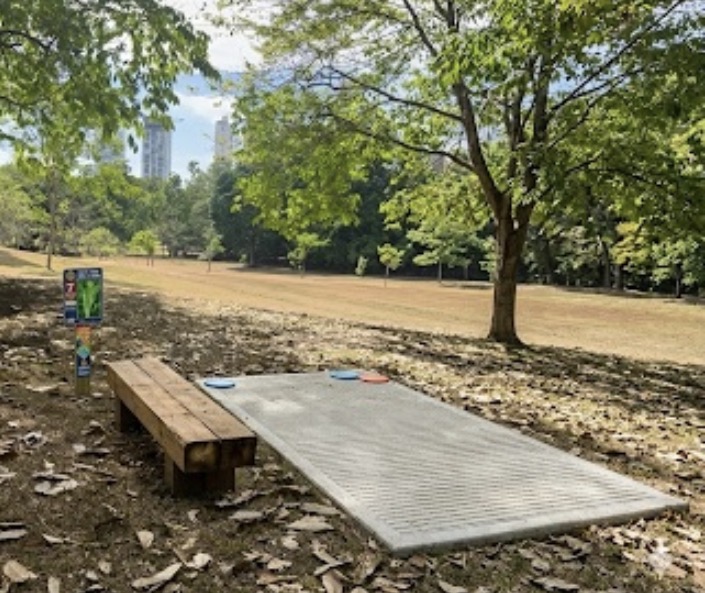 Ejemplo de tee box: pad de concreto, banca y señalización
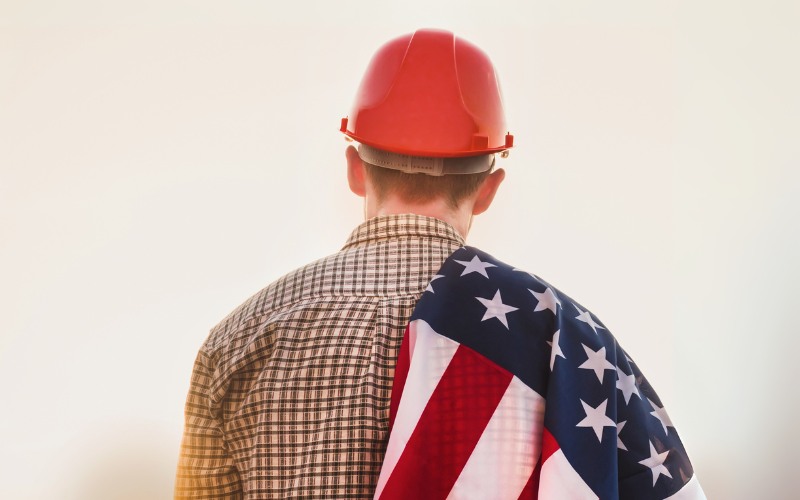 Worker wearing red hard hat with US flag draped over his shoulder.
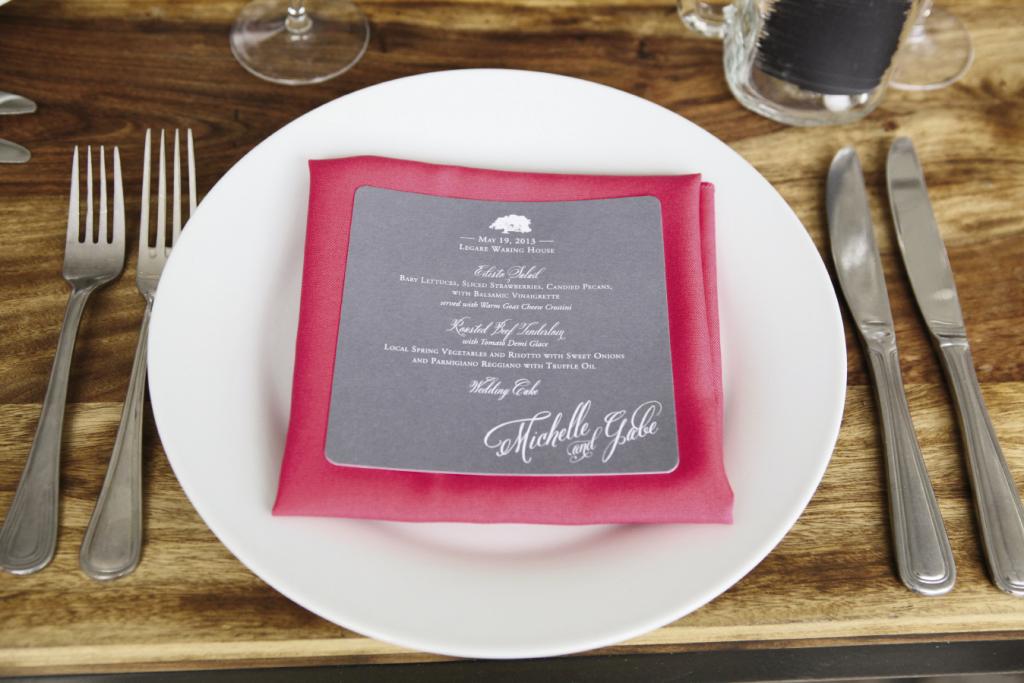 SHADES OF GREY: “Hot” pink linens were offset with cool tones, like graphite-colored menus.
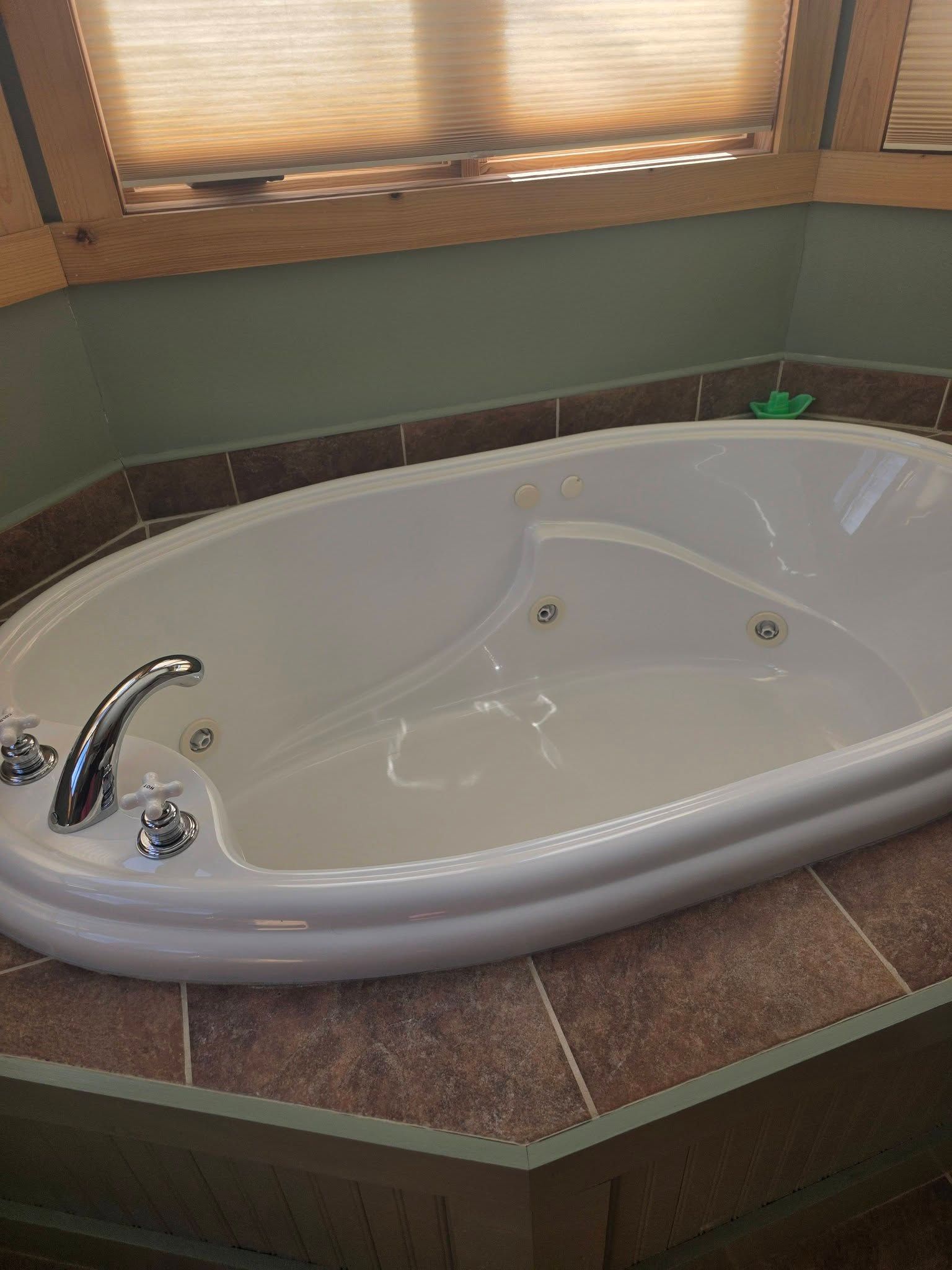 Corner bathtub in a tiled bathroom with a chrome faucet and a window above it.
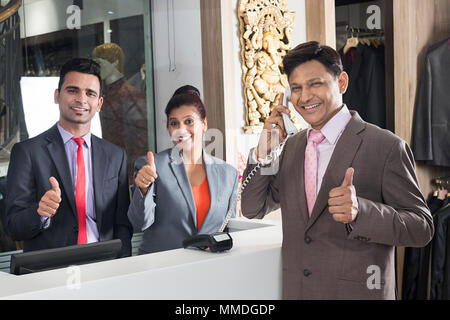 Two Receptionist And Businessman Hotel Booking And Talking Telephone Thumbs-up Stock Photo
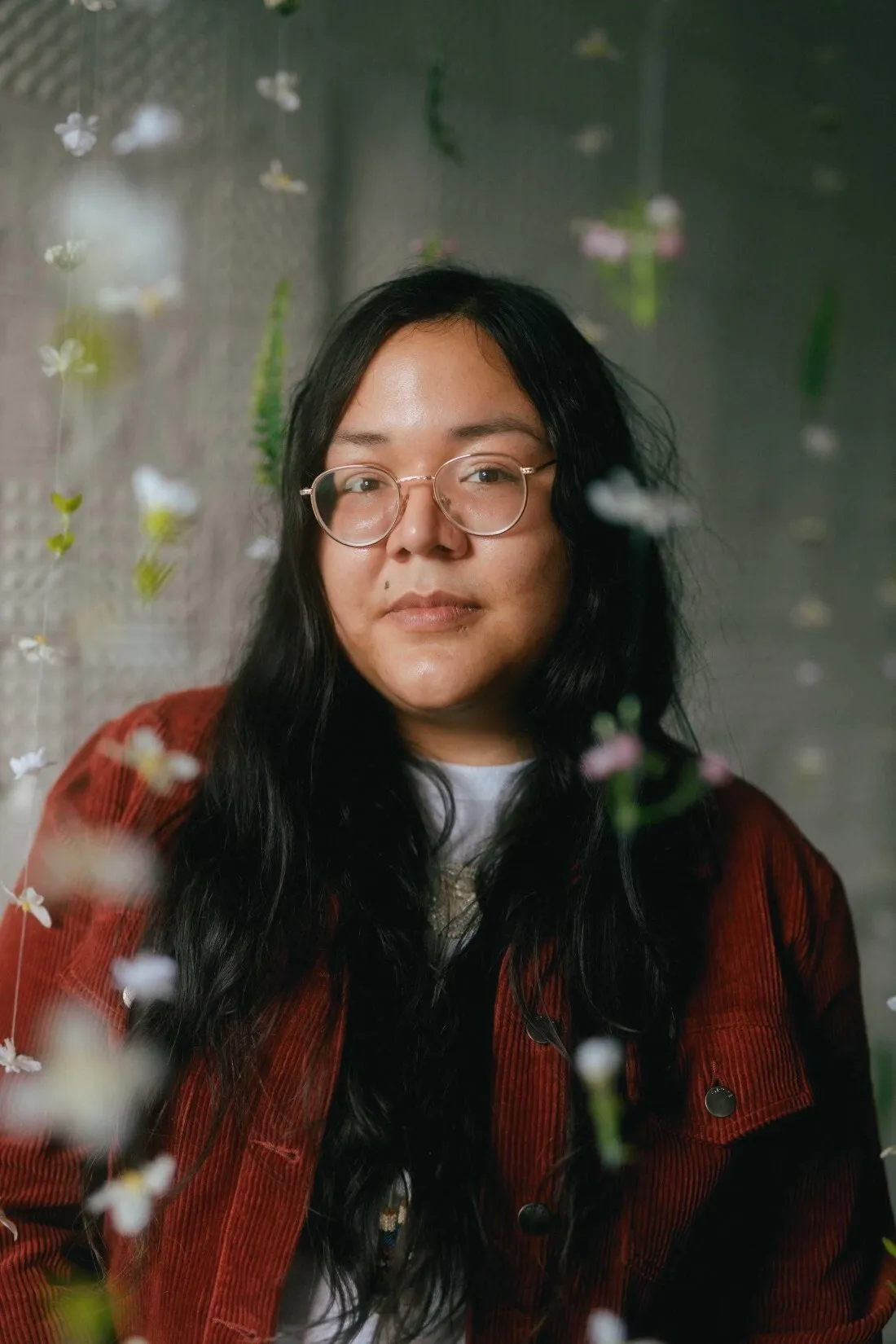 Veronica Blackhawk, une jeune Anishinaabe aux longs cheveux noirs et aux lunettes rondes, porte une veste en velours côtelé rouge.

» **Your instructions**:
Extract precisely the lines beginning at the line containing "Corner bathtub in" and ending at the last line of the entries above, exactly as written and with no pictures.

» **Exercise solution**:
 Corner bathtub in a tiled bathroom with a chrome faucet and a window above it.
 Two Receptionist And Businessman Hotel Booking And Talking Telephone Thumbs-up Stock Photo
 Veronica Blackhawk, une jeune Anishinaabe aux longs cheveux noirs et aux lunettes rondes, porte une veste en velours côtelé rouge.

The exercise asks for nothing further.